Secondly, battery makers are not dependent on new vehicle sales alone as there is a recurring replacement demand for batteries from existing vehicles. Thus, the existing population of on road vehicle needs to be serviced till end of life, even if some of the incremental new vehicle sales move to EVs. Three, ARBL is also investing in manufacturing lithium batteries with an initial 2Gwh cell capacity and 2Gwh pack capacity expected by FY25 and a peak cell capacity of 16Gwh expected by FY32. Four, industrial batteries (30 per cent of revenues) provide the needed diversification from the cyclical auto industry. In this segment, ARBL has a 60 per cent market share in telecom batteries, where volumes are being supported by the 5G rollout.
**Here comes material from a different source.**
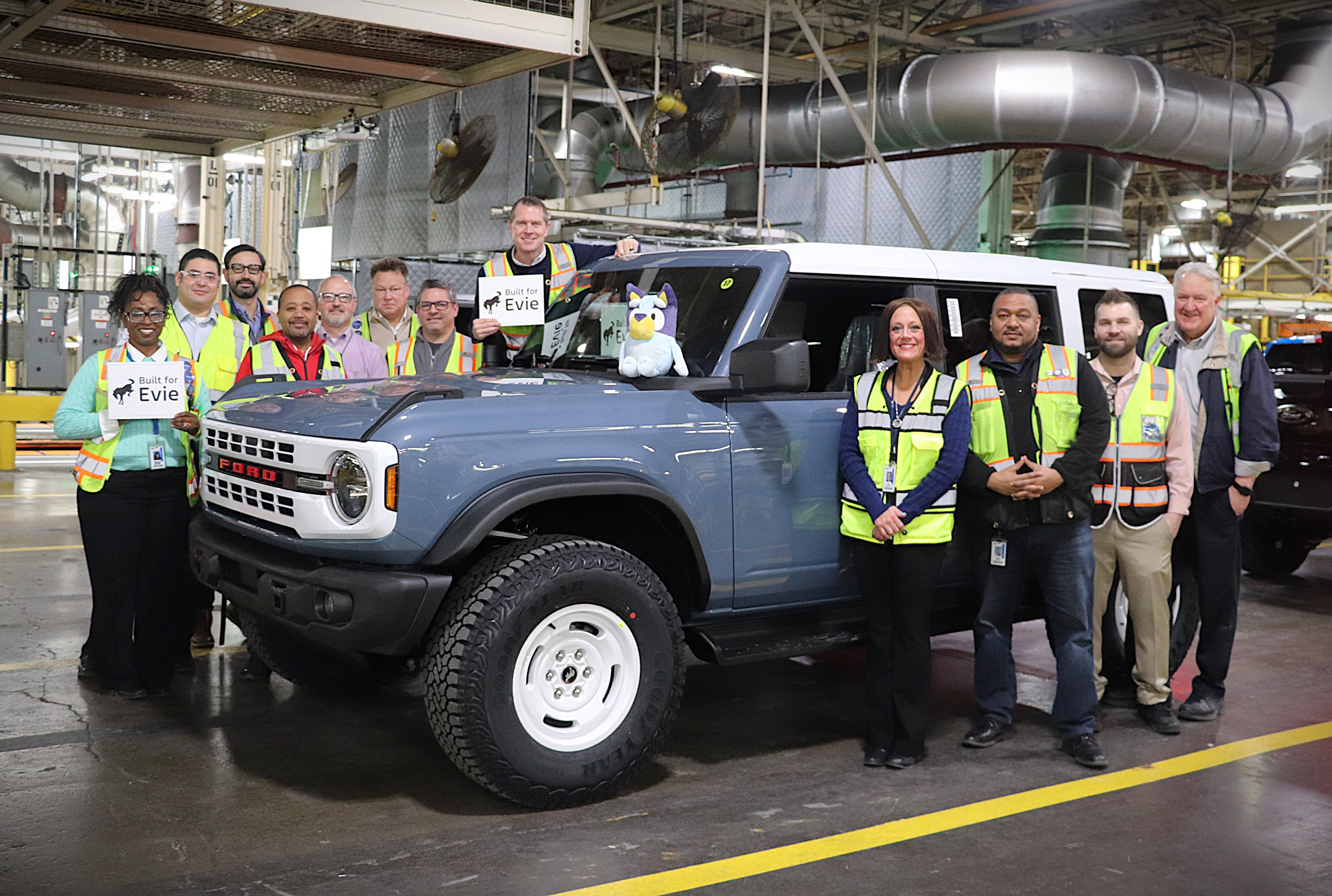 Michigan Assembly Plant employees posing with Bluey the Bronco.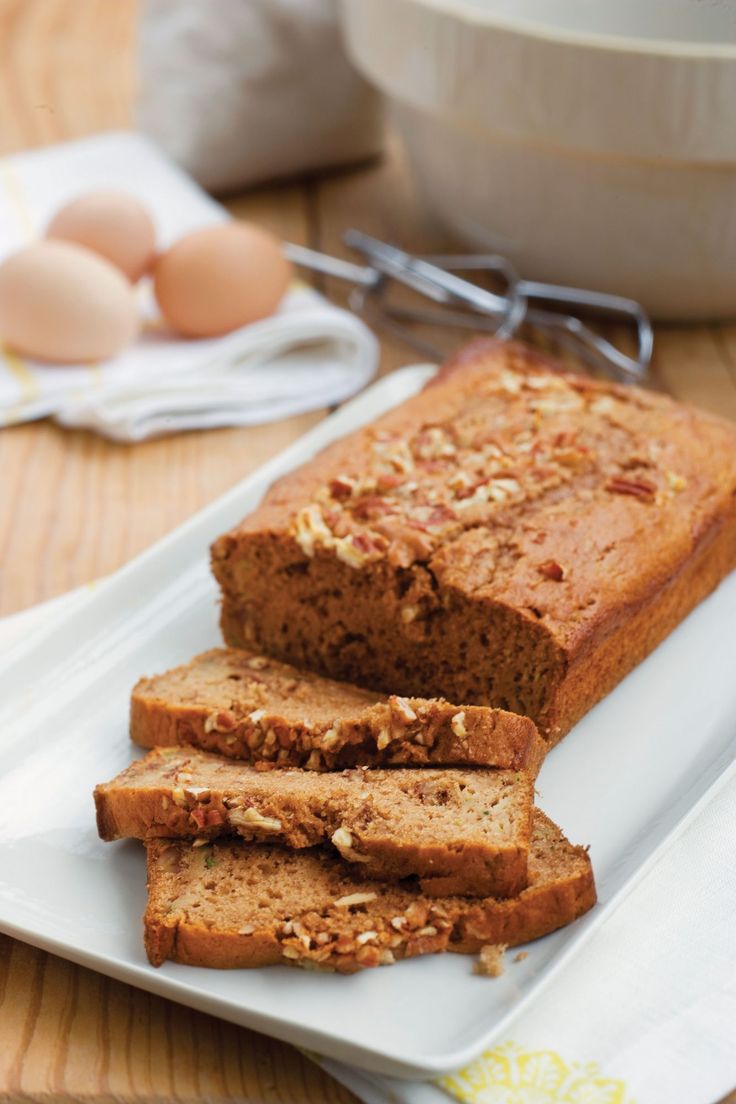 slices of banana bread on a white plate with an egg in the backgroud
Considering these factors, investors with an appetite for risk and a long-term perspective can buy the shares.  

Game plan

Currently, ARBL derives almost two-thirds of its revenues from automotive batteries (lead acid) and in that, predominantly from four-wheelers and the replacement markets (see chart). After two years of double-digit growth each, SIAM, the industry body, expects growth in new car sales volumes to moderate to 5-7 per cent year-on-year in FY24. However, robust new car sales in the last 2-3 years imply that the replacement demand for these vehicles would hold the fort for ARBL in the near to medium term, when cyclicality in new vehicle kicks in. Usually, companies also have good margins in the replacement segment. While sale to OEMs will moderate, the company still expects it to be in high single digits.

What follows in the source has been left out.